Oggi con internet e le chat viene messo in evidenza che il messaggio assume caratteri generali perché lo stesso messaggio può essere inviato a diverse persone, quindi viene a mancare la confidenza e la specificità del messaggio al cui lo invio. Nel “one-to-one” si doveva spettare molto tempo prima di riceve la lettera di risposta; i mezzi di oggi hanno presupposto un aspetto fondamentale, cioè l'immediatezza del messaggio.
Tutto questo presuppone di nuovo una perdita dell'identità poiché si possono creare profili falsi e questo tipo di comunicazione non può essere una comunicazione vera come quella di un tempo perché è cambiato il mio interfaccia, perché dietro a uno schermo ci può essere chiunque.

Un altro aspetto legato a questo cambiamento della comunicazione è legato anche all'immediatezza con cui mi esprimo (emotions o abbreviazioni). La comunicazione è diventata una comunicazione veloce sia dal punto di vista della risposta che da quello dalla formulazione.

Un'altra cosa importante che vine messa in evidenza è sempre legato al messaggio che arriva e lo ritroviamo nella pubblicità. Anche la pubblicità rappresenta una forma di condizionamento che ci induce per esempio all'acquisto.
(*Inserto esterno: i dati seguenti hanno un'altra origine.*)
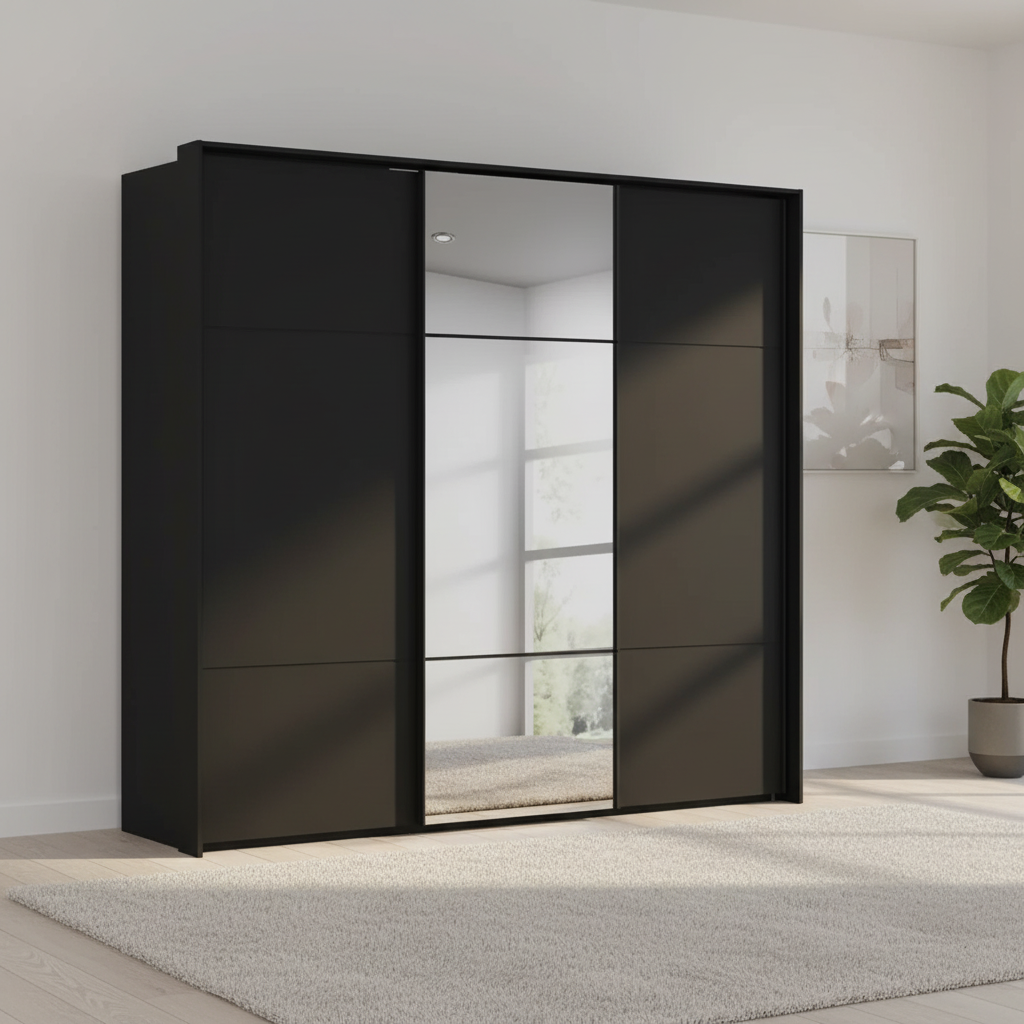 Rauch Heaven 240cm 3 Door Slider Wardrobe with 2 Décor Doors and 1 Mirror Door in Black styled in a modern bedroom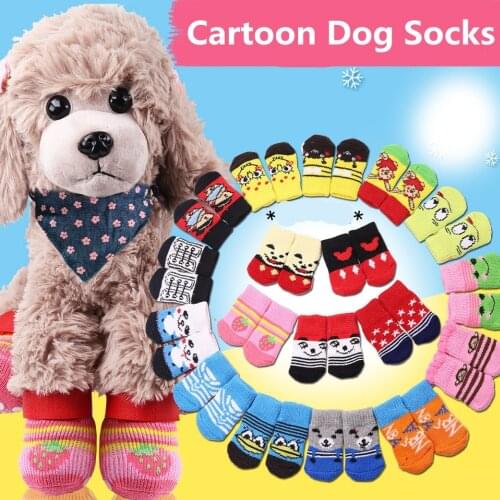 4PCS/Set Pet Dogs Socks 2019 New Fashion Warm Winter Autumn Soft Touch Anti-slip Knit Shoes Candy Color Cartoon Pets Supplier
La pubblicità è legata all'immagine ma non un'immagine casuale. Elementi fondamentali che stanno a supporto dell'immagine sono legati per esempio al colore, che deve essere accattivante anche se non è palese, o ai suoni e i jingle. La pubblicità per essere funzionale deve fare come un messaggio subliminale che non viene catturato dagli occhi ma dal cervello. Un'altra strategia legata alla pubblicità è l'utilizzo di personaggi famosi poiché tendono ad essere emulati e rappresentano lo stimolo affinché quel prodotto venga comprato.
La ripetizione è un elemento fondamentale perché rende accattivante la pubblicità. Una pubblicità che funziona viene ripetuta tante volte nell'arco della giornata. La ripetizione rappresenta il condizionamento, più volte vedo la pubblicità più il prodotto mi rimane nella mente.